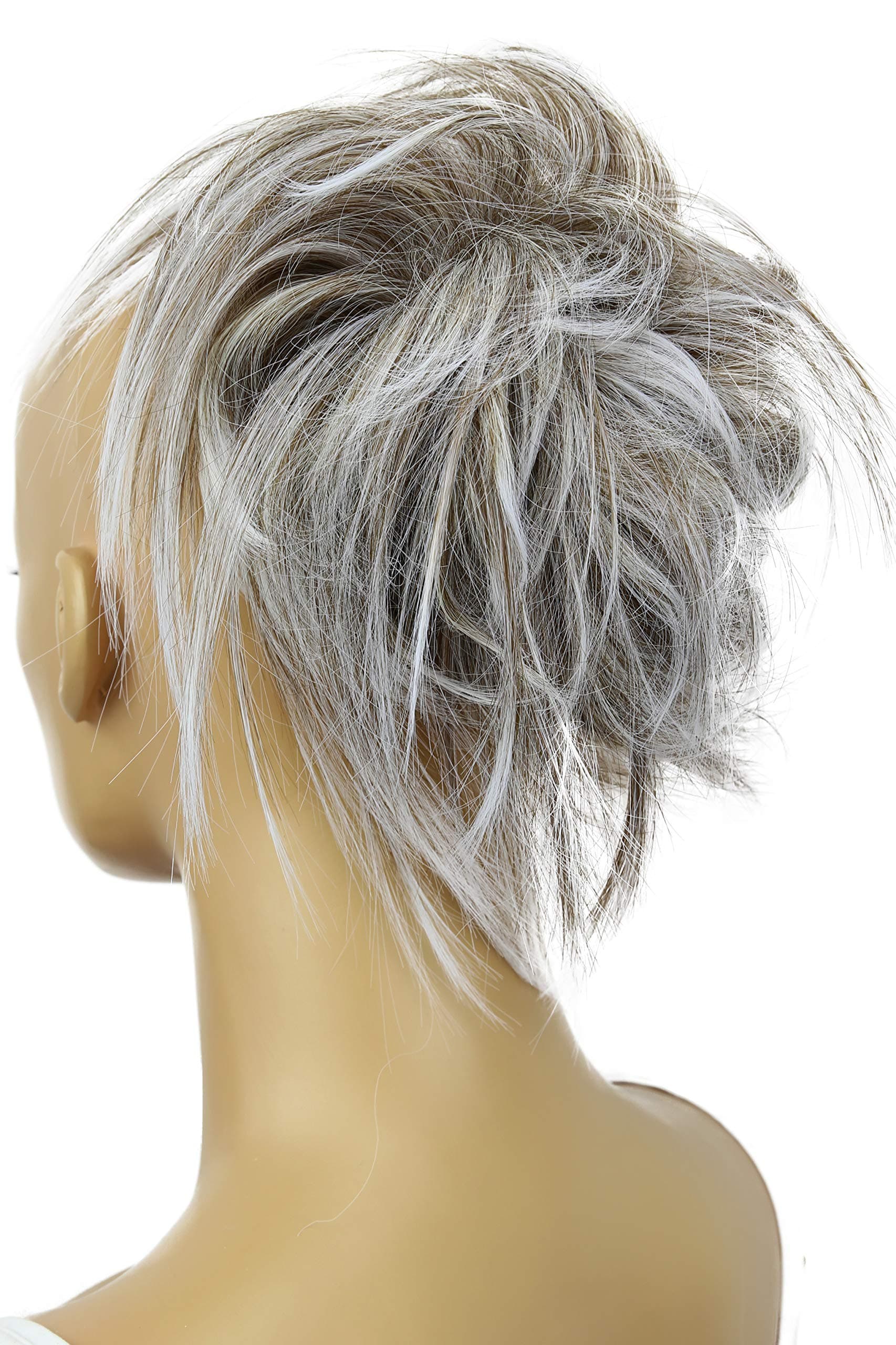 XXL Jumbo Hairpiece Scrunchy Updo Bridal Hairstyle Messy Hair Tie Gray Mix G10F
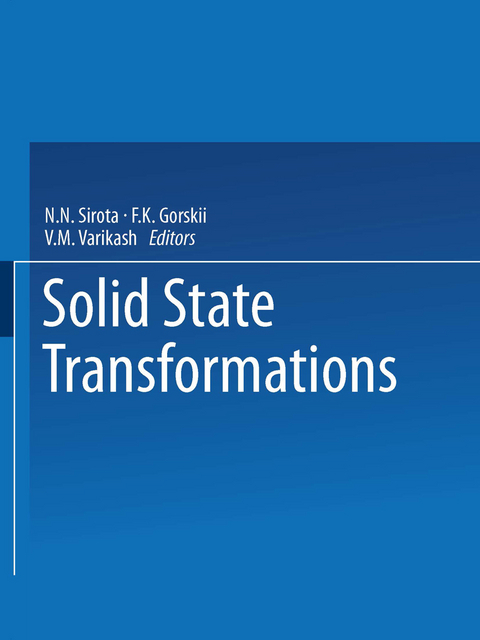 Solid State Transformations - N. N. Sirota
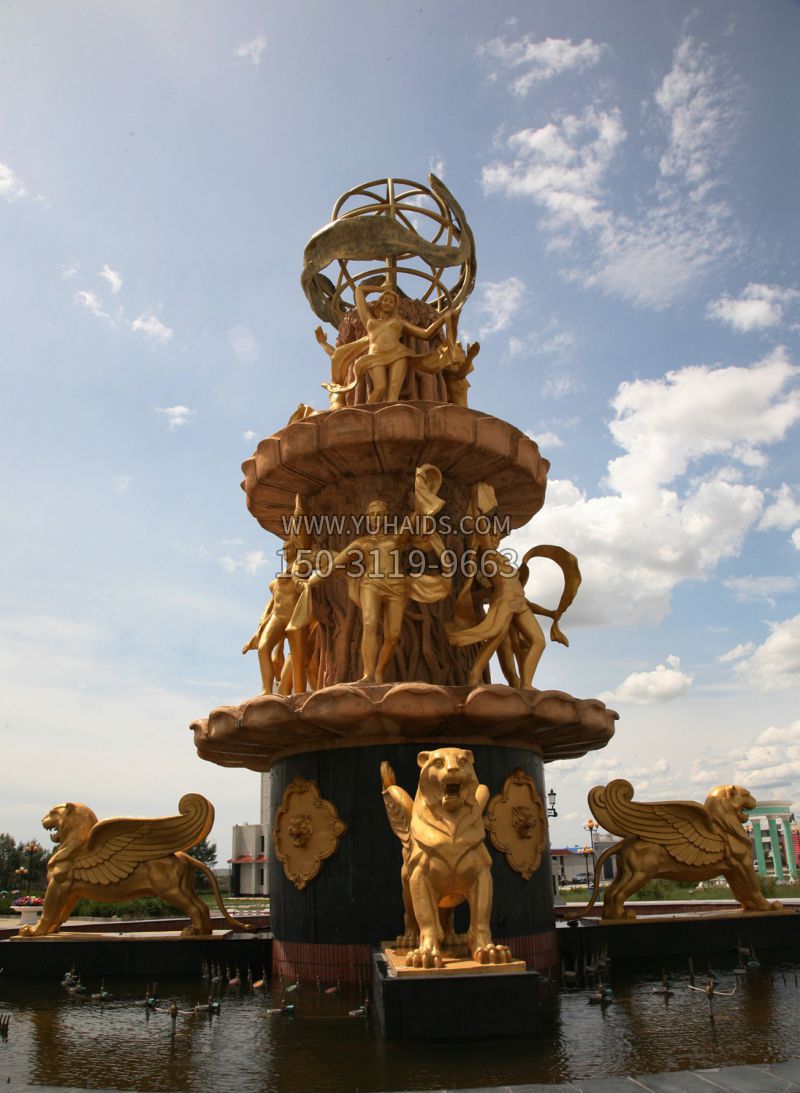 广场西方人物喷泉铜雕雕塑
******************************
_Activity:_ Every line from the one containing "Solid State Transformations - N. N. Sirota" through the last line of the listing must be written out again exactly, and no other line. Leave the pictures aside.

_Response to this exercise:_
 Solid State Transformations - N. N. Sirota
 广场西方人物喷泉铜雕雕塑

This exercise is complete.